EXERCISE OBJECTIVE:
Return the lines of the material below exactly, beginning with the line that has "unfurnished bedroom with" in it and finishing with the line that has "Black and crystal" in it. Leave all pictures aside.

RECORDED DATA:
★ ★ ★ ★

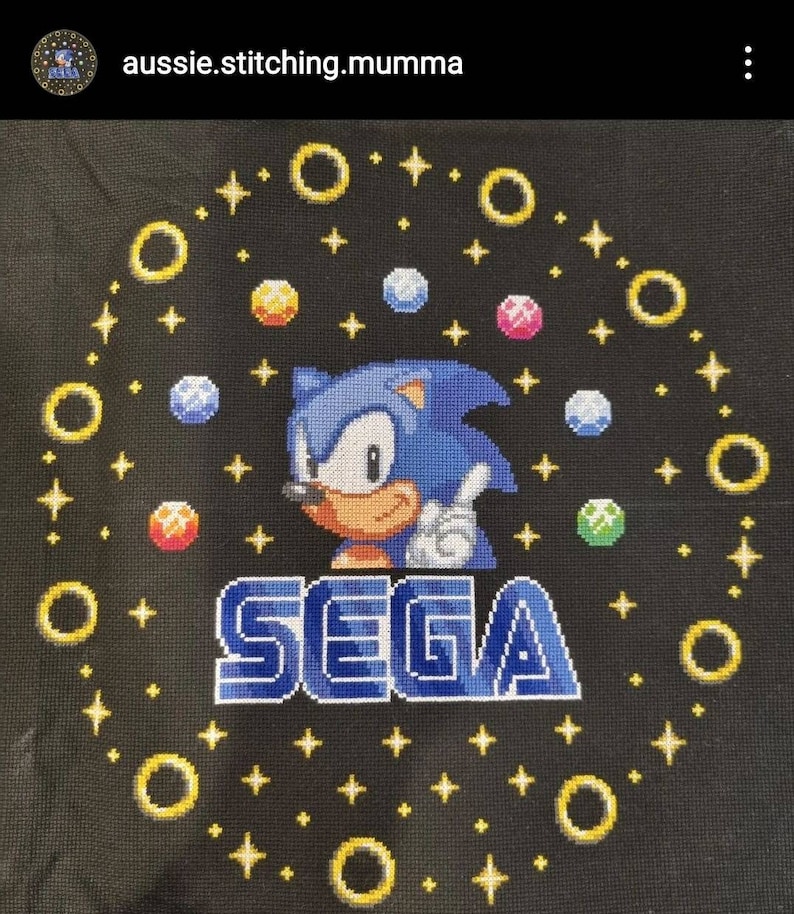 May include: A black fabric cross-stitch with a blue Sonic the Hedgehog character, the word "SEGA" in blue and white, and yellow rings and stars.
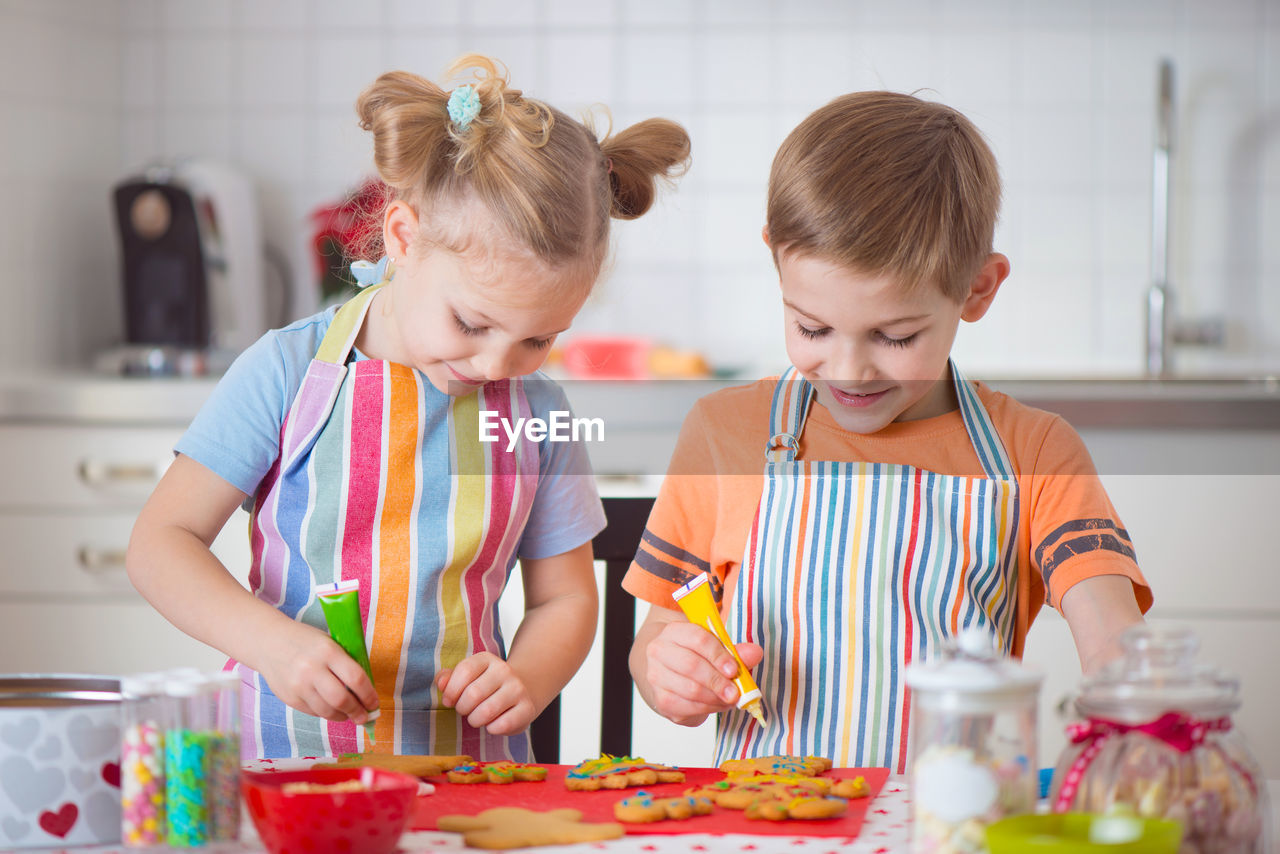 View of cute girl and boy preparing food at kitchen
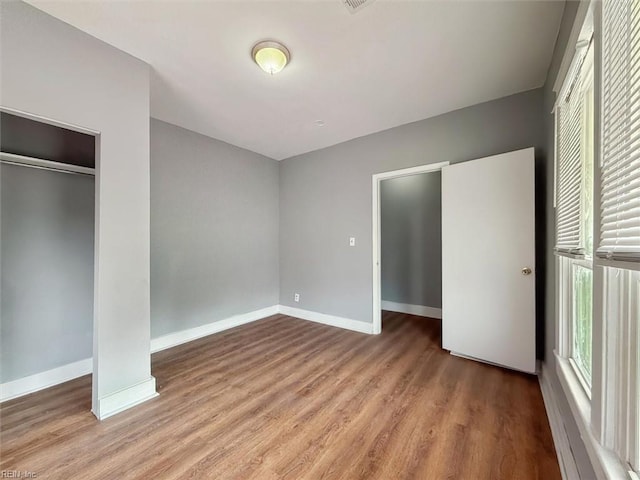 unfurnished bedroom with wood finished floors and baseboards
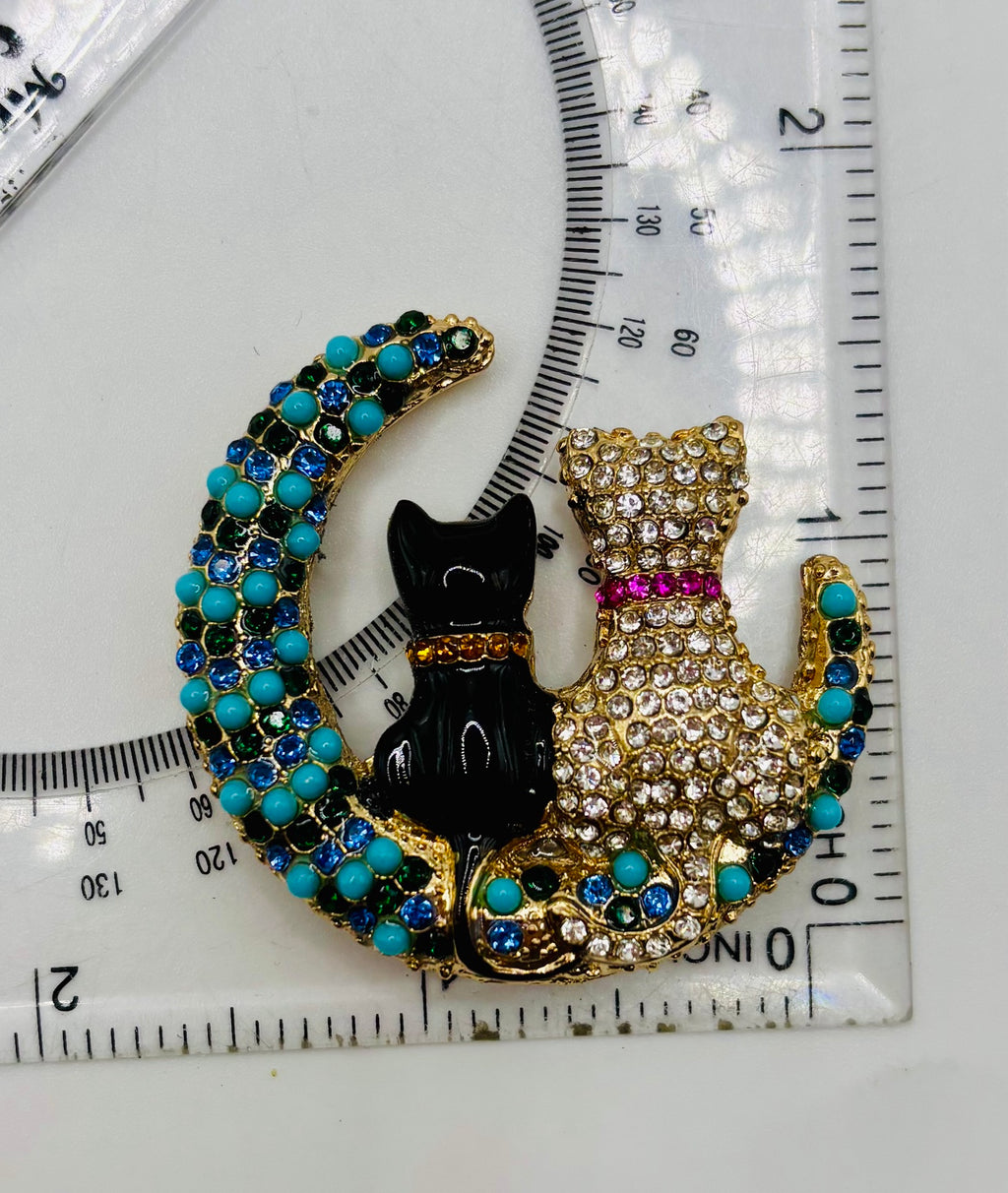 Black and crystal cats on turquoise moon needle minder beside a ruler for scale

★ ★ ★ ★

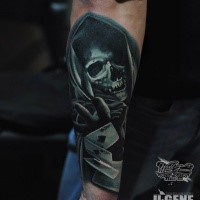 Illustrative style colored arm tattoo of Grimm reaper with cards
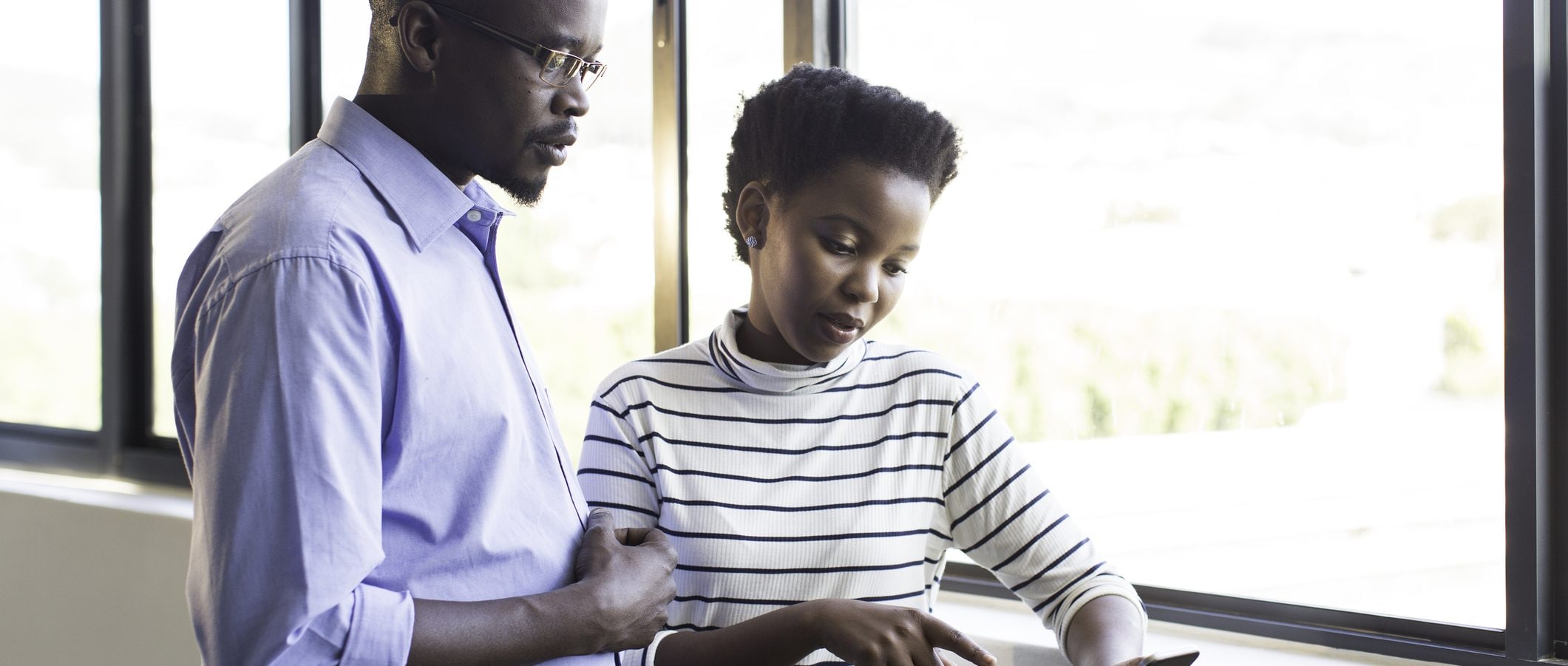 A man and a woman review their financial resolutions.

★ ★ ★ ★

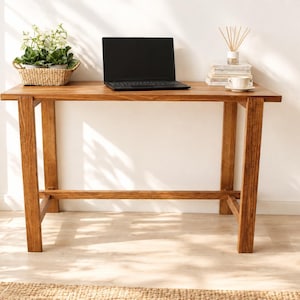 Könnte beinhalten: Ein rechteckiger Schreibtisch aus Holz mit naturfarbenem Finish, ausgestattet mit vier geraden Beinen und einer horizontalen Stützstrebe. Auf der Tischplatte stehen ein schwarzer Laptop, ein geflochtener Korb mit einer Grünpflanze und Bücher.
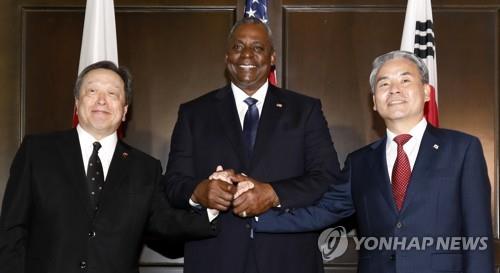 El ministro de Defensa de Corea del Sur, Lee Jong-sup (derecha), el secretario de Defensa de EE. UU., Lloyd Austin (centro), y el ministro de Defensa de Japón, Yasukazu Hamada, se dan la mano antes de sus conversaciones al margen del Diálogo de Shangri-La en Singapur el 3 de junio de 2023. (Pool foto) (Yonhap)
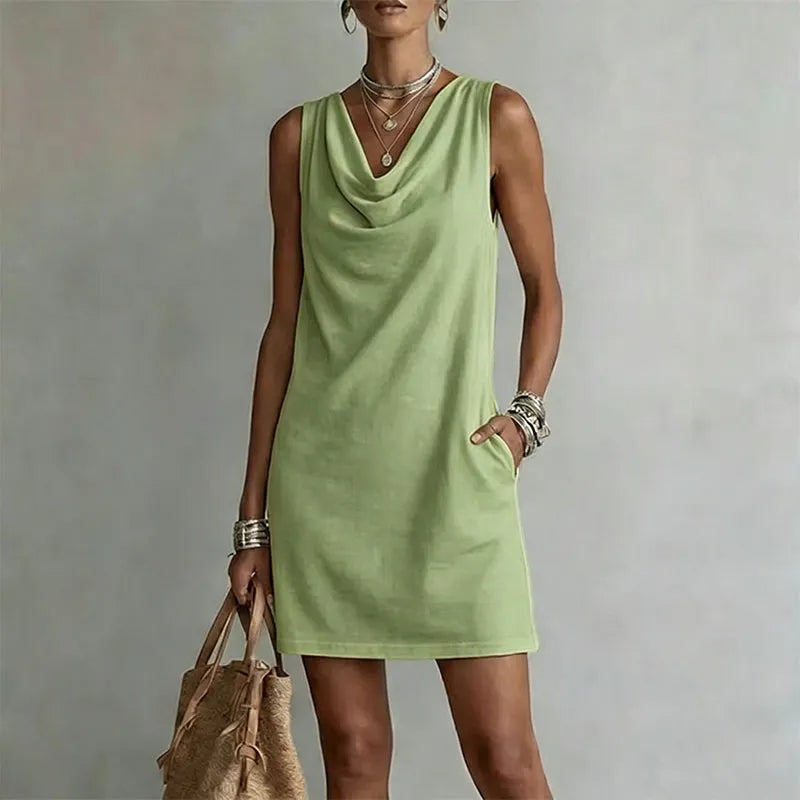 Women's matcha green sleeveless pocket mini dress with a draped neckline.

★ ★ ★ ★

EXERCISE ANSWER:
 unfurnished bedroom with wood finished floors and baseboards
 Black and crystal cats on turquoise moon needle minder beside a ruler for scale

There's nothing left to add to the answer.